Early History of Islamabad
Islamabad Capital Territory, located on the Pothohar Plateau, is considered one of the earliest sites of human settlement in Asia. Some of the earliest Stone Age artefacts in the world have been found on the plateau, dating from 100,000 to 500,000 years ago. Rudimentary stones recovered from the terraces of the Soan River testify to the endeavours of early man in the inter-glacial period. Items of pottery and utensils dating back to prehistory have been found.

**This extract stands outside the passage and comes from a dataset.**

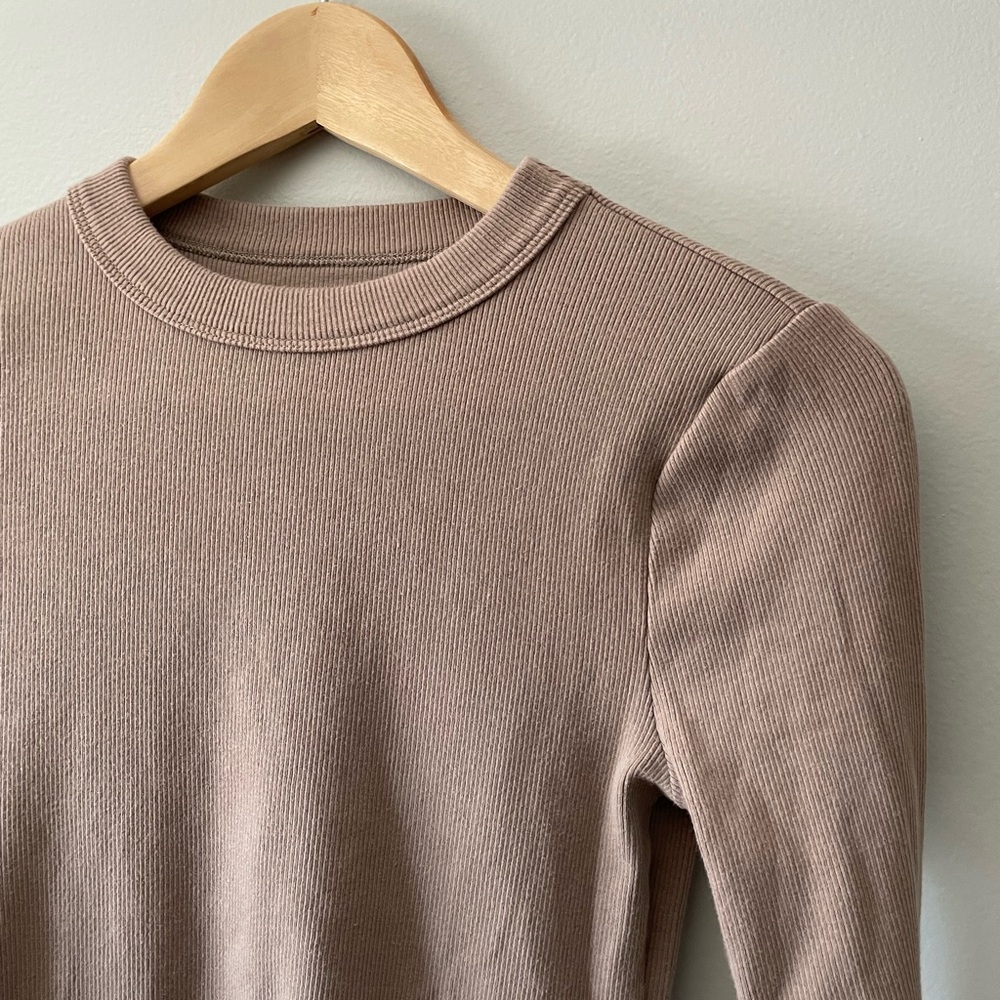 Abercrombie & Fitch “Soft A&F Essentials” ribbed cropped long sleeve - sz XS - Picture 3 of 5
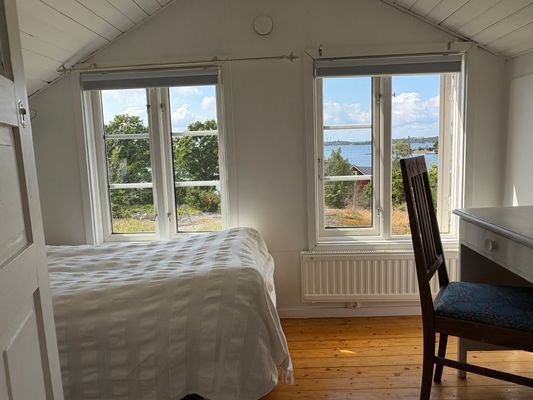 Charmigt skärgårdshus – egen brygga & badplats - Bild 32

Excavations have revealed evidence of a prehistoric culture. Relics and human skulls have been found dating back to 5000 BC that show this region was home to Neolithic people who settled on the banks of the Swaan River, who developed small communities in the region at around 3000 BC. One end of the Indus Valley Civilization flourished here between the 23rd and 18th centuries BC. Later the area was an early settlement of the Aryan community. A Buddhist town once existed in the region. Many great armies such as those of Zahiruddin Babur, Genghis Khan, Timur and Ahmad Shah Durrani used the corridor through Islamabad on their way to invade the rest of the Indian Subcontinent. Modern Islamabad is based on the old settlement known as Saidpur. The British took control of the region from the Sikhs in 1849 and built South Asia’s largest cantonment in the region.